Bigstock.com/monkeybusinessimages

Inspire 2 Aspire on Take Our Daughters and Sons to Work Day

Take Our Daughters to Work Day was created in 1993 by the Ms. Foundation. The purpose was to help girls realize the importance of their abilities so that they can reach their full potential.

In 2003, the observation was officially changed to Take Our Daughters and Sons to Work Day, to be inclusive of all kids. Now, kids have the opportunity to experience the workforce one day each year, helping them to envision what tomorrow has to offer them.

On April 25,2024, be a part of this nationwide event and empower your daughters and sons for a bright and fulfilling future. This year’s theme is “Inspire 2 Aspire.”

A day at work with your kids

On Take Our Daughters and Sons to Work Day, get your child off to a good start by having them dress accordingly and arrive on time. (Yes, even if you work from home!) Avoid having your child just observe. Prepare in advance and have some work and tasks set aside to keep your child busy throughout the day.
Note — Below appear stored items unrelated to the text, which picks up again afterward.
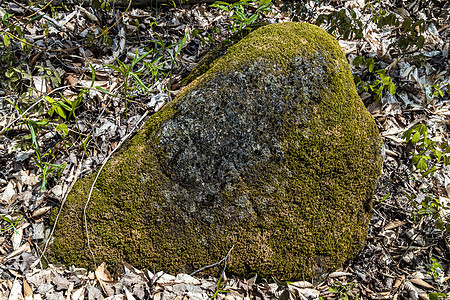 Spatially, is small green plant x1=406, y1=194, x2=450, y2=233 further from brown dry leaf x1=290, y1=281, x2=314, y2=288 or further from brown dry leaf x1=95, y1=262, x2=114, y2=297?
brown dry leaf x1=95, y1=262, x2=114, y2=297

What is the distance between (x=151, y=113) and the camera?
2773 mm

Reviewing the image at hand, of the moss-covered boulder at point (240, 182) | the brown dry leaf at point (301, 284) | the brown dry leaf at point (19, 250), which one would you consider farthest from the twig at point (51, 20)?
the brown dry leaf at point (301, 284)

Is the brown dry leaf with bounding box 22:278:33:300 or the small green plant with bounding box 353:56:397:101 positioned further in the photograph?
the small green plant with bounding box 353:56:397:101

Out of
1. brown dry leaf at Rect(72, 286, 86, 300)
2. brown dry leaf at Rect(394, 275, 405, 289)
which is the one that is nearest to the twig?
brown dry leaf at Rect(72, 286, 86, 300)

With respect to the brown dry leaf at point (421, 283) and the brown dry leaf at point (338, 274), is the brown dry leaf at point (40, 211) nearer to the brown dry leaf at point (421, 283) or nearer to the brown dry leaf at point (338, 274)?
the brown dry leaf at point (338, 274)

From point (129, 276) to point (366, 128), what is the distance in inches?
82.8

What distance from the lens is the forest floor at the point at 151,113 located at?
2.18 meters

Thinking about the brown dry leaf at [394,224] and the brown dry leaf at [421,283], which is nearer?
the brown dry leaf at [421,283]

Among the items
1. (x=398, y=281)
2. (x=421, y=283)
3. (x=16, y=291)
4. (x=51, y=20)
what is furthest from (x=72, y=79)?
(x=421, y=283)

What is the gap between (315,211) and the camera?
90.3 inches

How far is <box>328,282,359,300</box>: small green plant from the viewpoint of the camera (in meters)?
2.27

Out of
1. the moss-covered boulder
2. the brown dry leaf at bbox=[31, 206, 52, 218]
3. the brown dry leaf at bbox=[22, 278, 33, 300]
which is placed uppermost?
the moss-covered boulder

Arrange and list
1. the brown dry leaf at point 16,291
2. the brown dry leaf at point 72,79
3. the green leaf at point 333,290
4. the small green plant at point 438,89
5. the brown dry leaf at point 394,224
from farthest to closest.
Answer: the small green plant at point 438,89
the brown dry leaf at point 72,79
the brown dry leaf at point 394,224
the green leaf at point 333,290
the brown dry leaf at point 16,291

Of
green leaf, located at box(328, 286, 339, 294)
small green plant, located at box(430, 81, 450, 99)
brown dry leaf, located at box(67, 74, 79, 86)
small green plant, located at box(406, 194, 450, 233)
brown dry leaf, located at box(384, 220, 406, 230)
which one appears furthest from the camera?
small green plant, located at box(430, 81, 450, 99)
Also, try some of the following ideas:

  • Have your kid keep a journal throughout the day and describe different aspects of the occupation they like and dislike and why.
  • Ask your daughter or son to compose questions about the occupation and interview coworkers, in person or on Zoom. Questions might include the pros and cons of the job, why coworkers chose this occupation and what their day entails. If your child is shy or opposed to the idea, don’t force it. You want your kid to leave with positive feelings about the day.
  • Describe to your child hypothetical situations or problems that might arise in your job. Then ask your child for ideas and solutions.
  • Give your son or daughter a camera, a Polaroid, if possible, to take photos throughout the day. Then have your child compile a Take Our Daughters and Sons to Work Day scrapbook. They can include descriptions of each photo and what was learned or discovered.
  • Visit yourfreecareertest.com, where kids can do a free online survey to discover what careers fit their personalities and interests. Young teens can go to kids.usa.gov/teens/jobs/ for career information that’s designed for them.
  • Help your child create a career folder and design forms to track school classes, grades, career interests and experiences, honors and awards and other relevant information for preparing for secondary education or joining the workforce.

Prepare in advance and have some work and tasks set aside to keep your child busy throughout the day.
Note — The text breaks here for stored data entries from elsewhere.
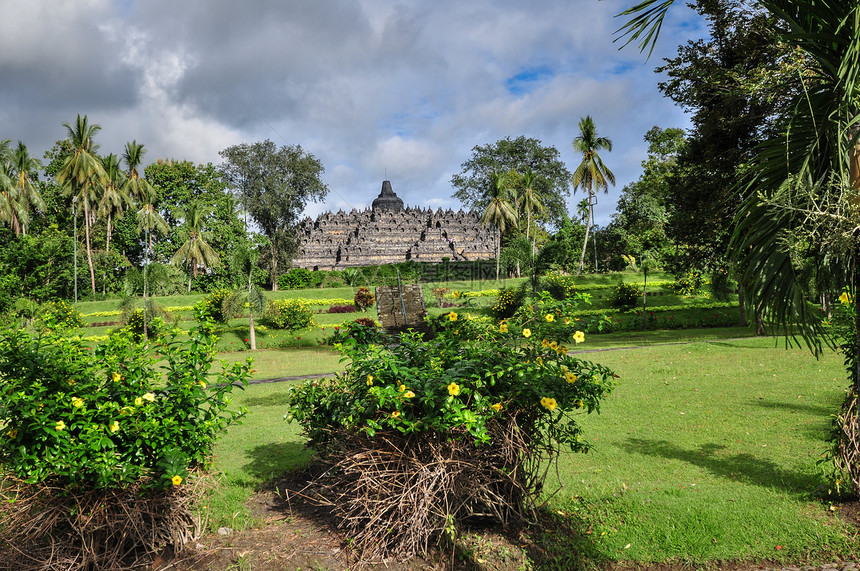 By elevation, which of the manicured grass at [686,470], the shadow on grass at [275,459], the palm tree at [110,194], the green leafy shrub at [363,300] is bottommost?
the shadow on grass at [275,459]

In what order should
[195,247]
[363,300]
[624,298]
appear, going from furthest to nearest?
[195,247]
[363,300]
[624,298]

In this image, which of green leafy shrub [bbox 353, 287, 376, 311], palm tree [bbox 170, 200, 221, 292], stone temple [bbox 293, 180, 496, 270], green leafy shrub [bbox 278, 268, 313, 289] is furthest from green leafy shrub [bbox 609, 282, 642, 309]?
stone temple [bbox 293, 180, 496, 270]

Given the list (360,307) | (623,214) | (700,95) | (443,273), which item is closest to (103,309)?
(360,307)

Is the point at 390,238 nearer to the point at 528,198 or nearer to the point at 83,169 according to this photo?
the point at 528,198

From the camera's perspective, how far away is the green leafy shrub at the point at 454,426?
3.33m

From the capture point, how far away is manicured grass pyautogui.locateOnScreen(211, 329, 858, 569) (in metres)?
3.56

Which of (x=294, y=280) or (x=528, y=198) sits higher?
(x=528, y=198)

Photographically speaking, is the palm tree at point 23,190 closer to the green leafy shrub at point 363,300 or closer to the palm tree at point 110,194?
the palm tree at point 110,194

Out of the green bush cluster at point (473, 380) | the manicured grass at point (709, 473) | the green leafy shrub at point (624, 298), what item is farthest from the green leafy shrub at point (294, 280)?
the green bush cluster at point (473, 380)

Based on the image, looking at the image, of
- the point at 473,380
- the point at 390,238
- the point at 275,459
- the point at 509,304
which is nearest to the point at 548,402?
the point at 473,380

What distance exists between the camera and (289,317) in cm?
2027

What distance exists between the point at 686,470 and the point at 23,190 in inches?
1465

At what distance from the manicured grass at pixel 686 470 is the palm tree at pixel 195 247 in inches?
1050

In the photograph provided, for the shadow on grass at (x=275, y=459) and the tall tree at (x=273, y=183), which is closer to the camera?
the shadow on grass at (x=275, y=459) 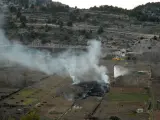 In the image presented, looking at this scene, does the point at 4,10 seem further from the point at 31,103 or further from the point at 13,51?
the point at 31,103

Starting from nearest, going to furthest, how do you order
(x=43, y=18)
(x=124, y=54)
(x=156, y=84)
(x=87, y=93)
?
1. (x=87, y=93)
2. (x=156, y=84)
3. (x=124, y=54)
4. (x=43, y=18)

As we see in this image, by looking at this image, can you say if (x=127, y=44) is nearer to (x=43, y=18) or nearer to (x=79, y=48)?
(x=79, y=48)

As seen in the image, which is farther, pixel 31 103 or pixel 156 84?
pixel 156 84

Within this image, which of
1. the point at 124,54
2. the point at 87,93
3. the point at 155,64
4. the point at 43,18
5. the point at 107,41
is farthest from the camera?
the point at 43,18

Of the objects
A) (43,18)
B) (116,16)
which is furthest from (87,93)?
(116,16)

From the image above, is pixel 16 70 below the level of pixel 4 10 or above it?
below

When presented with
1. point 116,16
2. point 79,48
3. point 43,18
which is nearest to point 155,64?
point 79,48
Alternatives to taking kids to work

If you’re unable to take your child to work, consider volunteer work for the day. Offer to assist a teacher, help with a political campaign, or pitch in on another community service project in which your child can join you.

Give your child alternative opportunities related to their interest in a particular occupation. If you know someone in the field, ask if your child can go to work with them. Or ask a nearby company what it’s planning for the day and how your child can participate.

Not all kids will have the opportunity to participate in Take Our Daughters and Sons to Work Day. Talk with family and friends and mention you’d like to volunteer to take a child to work who otherwise won’t have the opportunity.

Taking kids to work isn’t the only way parents can participate in the observance.

Make the most of the day for all kids by doing any of the following.

  • Promote Take Our Daughters and Sons to Work Day by writing a letter to the editor to create awareness.
  • Form a committee in your community or at work to promote the day and plan events to make it a success.
  • Create fliers to remind parents of the upcoming day, and post them on community bulletin boards in libraries, grocery stores, and banks. Also, ask companies to post them in their break rooms or on employee bulletin boards.
  • Ask your employer to support the event, and discuss ways the company can help make the day a success. Assist in planning special activities for girls throughout the day, such as speakers, group discussions, or luncheon.
  • Organize a speaking engagement in your community on the topic of Taking Our Daughters and Sons to Work Day. Use the event to explain the importance and significance of the day, suggest ways people can participate in the day, and what they can do when they take their kids to work.